Yesterday we went to the crematorium to anoint Jasmine with some oils, say prayers over her body, and leave a written prayer to be cremated with her. It was extremely hard for us — we knew we could really be thrown for a loop by seeing her. She’d had an autopsy and also donated corneas and heart valves. The director there was so very gracious. He brought her in for us, let us have as much time as we needed with her, and most importantly, he made her appear peaceful and very presentable. He draped a beautiful handmade quilt over her body from the chest down. He was visibly moved by Jasmine and scaled the costs down for us considerably. When we left, he was red-eyed. I don’t imagine that happens much in his profession.
Two things I know after the past few days. First, Jasmine continues to touch people even after she is gone. Jeff said yesterday that even if there was no afterlife, it was comforting to know that Jasmine lives in the hearts of so many people she met. I miss her so deeply and it is soothing to me to hear that others miss her too. Second, people are very compassionate when death takes a child. No one has said anything insensitive and several are willing to admit they simply don’t know what to say. That is so much easier to deal with than something insincere or hurtful, however unintentional.
I also know my world is forever divided into Before and After. Every day carries before and after — it is time we are speaking of, after all. But this event divides my life into Before and After. I’m not sure what After is going to be like. Right now, I pretty much hate it. My only solace is knowing Jasmine is no longer suffering.

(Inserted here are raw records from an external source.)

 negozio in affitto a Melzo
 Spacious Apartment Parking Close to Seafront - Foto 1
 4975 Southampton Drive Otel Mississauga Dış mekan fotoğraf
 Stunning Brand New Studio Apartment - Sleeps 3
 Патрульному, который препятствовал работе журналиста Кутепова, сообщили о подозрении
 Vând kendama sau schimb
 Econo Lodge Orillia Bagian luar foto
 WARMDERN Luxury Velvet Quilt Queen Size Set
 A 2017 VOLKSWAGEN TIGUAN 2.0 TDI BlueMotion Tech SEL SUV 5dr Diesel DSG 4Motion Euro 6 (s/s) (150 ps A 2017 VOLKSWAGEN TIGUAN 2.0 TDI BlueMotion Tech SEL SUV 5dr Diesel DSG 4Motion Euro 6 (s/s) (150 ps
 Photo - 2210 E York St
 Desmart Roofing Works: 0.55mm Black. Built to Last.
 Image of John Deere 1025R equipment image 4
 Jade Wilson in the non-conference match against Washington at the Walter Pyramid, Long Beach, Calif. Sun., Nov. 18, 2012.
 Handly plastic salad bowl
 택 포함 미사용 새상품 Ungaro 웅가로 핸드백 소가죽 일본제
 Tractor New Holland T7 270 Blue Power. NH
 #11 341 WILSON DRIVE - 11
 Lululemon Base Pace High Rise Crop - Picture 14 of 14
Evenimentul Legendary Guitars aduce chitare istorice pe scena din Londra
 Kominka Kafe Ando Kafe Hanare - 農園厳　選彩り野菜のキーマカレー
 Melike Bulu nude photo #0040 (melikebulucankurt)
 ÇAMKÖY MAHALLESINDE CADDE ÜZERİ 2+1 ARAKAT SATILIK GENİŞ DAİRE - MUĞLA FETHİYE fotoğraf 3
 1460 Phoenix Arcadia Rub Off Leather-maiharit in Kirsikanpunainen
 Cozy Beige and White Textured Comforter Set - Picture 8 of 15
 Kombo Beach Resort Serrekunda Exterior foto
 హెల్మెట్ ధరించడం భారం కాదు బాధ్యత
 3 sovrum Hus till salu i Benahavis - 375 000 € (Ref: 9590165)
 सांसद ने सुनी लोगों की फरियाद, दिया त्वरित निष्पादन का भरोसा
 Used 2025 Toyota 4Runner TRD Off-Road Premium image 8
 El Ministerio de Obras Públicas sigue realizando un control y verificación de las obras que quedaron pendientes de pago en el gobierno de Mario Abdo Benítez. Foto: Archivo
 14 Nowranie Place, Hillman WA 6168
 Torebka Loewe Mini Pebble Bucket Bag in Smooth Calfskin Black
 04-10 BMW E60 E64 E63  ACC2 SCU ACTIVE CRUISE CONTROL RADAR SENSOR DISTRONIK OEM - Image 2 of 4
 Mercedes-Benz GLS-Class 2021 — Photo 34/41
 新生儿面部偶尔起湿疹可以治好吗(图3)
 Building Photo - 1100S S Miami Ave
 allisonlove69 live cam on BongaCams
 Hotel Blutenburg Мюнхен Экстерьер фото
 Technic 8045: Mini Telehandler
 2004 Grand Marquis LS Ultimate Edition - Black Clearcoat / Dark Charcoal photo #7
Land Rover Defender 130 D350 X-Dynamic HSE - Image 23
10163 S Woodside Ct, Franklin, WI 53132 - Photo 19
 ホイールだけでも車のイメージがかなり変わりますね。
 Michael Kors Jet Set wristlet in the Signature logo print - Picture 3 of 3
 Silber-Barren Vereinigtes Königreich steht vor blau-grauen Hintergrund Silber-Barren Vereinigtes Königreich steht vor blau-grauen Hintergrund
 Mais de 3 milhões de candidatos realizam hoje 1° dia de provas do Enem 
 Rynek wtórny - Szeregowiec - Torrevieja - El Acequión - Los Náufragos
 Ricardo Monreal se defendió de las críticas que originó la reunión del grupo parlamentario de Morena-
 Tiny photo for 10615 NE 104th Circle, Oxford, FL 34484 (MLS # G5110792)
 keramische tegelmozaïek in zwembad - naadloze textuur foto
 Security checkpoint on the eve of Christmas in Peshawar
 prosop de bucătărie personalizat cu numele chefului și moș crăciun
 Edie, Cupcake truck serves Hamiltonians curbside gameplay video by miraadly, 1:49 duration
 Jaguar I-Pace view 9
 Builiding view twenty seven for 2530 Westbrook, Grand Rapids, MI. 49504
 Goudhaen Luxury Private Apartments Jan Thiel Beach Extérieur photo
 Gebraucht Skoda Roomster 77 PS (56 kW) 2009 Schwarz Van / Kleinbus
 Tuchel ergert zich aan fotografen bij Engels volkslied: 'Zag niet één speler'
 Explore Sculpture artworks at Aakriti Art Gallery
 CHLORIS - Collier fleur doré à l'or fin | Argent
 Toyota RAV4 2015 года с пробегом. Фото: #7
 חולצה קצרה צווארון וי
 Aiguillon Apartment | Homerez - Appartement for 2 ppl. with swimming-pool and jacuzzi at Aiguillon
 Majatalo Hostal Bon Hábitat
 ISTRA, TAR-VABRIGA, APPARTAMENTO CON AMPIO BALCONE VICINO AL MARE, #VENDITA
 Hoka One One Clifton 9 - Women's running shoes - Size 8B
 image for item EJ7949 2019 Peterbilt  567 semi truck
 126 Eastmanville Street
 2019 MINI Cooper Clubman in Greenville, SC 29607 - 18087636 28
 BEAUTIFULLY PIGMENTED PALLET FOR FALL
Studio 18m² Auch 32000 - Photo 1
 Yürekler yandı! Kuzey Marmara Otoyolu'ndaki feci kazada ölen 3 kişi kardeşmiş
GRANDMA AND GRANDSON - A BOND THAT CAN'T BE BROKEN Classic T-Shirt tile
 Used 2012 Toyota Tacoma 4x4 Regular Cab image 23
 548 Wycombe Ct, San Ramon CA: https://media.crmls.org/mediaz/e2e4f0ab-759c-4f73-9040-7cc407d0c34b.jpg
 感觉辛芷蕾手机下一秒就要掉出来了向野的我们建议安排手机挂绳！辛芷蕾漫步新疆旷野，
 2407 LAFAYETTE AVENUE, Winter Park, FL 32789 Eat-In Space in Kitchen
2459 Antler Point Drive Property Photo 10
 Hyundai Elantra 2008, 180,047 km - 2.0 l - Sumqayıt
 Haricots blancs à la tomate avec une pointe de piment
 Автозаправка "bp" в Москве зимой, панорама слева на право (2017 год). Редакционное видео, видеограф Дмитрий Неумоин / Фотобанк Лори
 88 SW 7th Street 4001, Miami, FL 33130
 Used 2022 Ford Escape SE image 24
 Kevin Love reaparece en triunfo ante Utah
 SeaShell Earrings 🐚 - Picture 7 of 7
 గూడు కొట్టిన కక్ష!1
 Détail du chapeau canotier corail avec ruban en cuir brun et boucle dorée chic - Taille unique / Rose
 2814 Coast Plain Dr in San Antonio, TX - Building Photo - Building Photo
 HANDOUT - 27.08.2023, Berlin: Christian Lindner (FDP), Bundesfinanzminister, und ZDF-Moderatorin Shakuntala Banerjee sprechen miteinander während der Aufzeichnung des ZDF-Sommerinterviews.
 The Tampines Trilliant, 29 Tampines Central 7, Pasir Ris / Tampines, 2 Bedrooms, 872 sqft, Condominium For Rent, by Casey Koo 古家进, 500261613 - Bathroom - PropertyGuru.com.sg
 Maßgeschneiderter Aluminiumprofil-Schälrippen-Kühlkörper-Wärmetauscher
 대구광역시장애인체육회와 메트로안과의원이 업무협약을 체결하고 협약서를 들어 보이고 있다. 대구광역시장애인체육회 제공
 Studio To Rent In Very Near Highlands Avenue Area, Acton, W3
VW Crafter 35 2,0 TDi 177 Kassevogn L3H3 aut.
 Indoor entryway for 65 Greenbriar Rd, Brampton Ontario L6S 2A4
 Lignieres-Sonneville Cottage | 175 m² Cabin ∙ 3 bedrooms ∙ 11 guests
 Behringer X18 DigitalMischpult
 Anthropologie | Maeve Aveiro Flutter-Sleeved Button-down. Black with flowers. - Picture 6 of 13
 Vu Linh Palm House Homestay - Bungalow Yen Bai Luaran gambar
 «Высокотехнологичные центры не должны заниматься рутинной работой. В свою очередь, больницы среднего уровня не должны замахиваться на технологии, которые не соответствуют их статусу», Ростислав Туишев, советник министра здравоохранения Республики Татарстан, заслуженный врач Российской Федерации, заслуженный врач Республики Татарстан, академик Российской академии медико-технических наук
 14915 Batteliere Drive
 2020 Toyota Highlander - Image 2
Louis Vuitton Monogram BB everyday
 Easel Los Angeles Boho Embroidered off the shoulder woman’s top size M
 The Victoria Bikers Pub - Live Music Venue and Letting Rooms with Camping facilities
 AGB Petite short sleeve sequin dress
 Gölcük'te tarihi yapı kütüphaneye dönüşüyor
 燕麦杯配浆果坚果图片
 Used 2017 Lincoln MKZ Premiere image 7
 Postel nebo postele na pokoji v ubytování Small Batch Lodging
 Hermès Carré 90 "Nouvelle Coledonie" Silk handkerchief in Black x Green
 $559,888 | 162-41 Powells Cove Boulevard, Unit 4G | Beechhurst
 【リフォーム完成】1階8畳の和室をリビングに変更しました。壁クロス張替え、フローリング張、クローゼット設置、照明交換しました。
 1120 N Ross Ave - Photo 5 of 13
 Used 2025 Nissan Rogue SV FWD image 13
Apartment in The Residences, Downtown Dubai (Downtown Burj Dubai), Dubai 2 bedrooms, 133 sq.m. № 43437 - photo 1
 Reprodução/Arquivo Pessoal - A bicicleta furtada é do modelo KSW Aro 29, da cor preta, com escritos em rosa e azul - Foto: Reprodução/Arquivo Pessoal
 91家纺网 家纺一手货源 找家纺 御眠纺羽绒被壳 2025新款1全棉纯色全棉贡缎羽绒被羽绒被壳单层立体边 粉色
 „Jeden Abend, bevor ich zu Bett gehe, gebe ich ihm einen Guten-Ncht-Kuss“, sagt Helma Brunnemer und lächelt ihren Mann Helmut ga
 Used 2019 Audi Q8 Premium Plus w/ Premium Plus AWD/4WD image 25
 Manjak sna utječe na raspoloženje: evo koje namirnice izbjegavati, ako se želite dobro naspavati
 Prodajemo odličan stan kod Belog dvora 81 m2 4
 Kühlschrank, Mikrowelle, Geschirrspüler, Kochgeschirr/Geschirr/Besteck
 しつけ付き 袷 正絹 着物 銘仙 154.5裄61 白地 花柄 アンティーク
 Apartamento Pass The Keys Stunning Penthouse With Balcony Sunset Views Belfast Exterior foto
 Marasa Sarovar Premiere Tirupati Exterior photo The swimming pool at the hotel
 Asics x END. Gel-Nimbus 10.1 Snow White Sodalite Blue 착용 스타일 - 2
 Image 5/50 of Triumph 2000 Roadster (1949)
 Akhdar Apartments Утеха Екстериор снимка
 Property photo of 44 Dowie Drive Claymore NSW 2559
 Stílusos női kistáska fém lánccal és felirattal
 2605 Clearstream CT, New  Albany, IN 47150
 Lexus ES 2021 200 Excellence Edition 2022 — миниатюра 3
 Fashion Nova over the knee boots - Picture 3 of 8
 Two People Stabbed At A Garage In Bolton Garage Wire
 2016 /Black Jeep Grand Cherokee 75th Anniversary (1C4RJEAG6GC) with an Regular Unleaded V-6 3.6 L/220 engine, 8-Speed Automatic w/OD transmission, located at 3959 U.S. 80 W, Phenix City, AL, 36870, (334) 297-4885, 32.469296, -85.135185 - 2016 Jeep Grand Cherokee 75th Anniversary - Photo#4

Grieving for Jasmine is the darkest thing I have ever done. I cry often and have actually had to increase my water intake because I’m losing so much. Nights are the hardest for me. I lay in bed and am inundated by memories, thoughts and doubts. Tonight I keep thinking about how she was so emotional when she took that first dose of steroids and how I held her as best I could while she cried about being so sick. I keep remembering how she liked to slip her hand into mine as we walked. I can almost feel it there if I hold the image strongly enough. I miss her so much.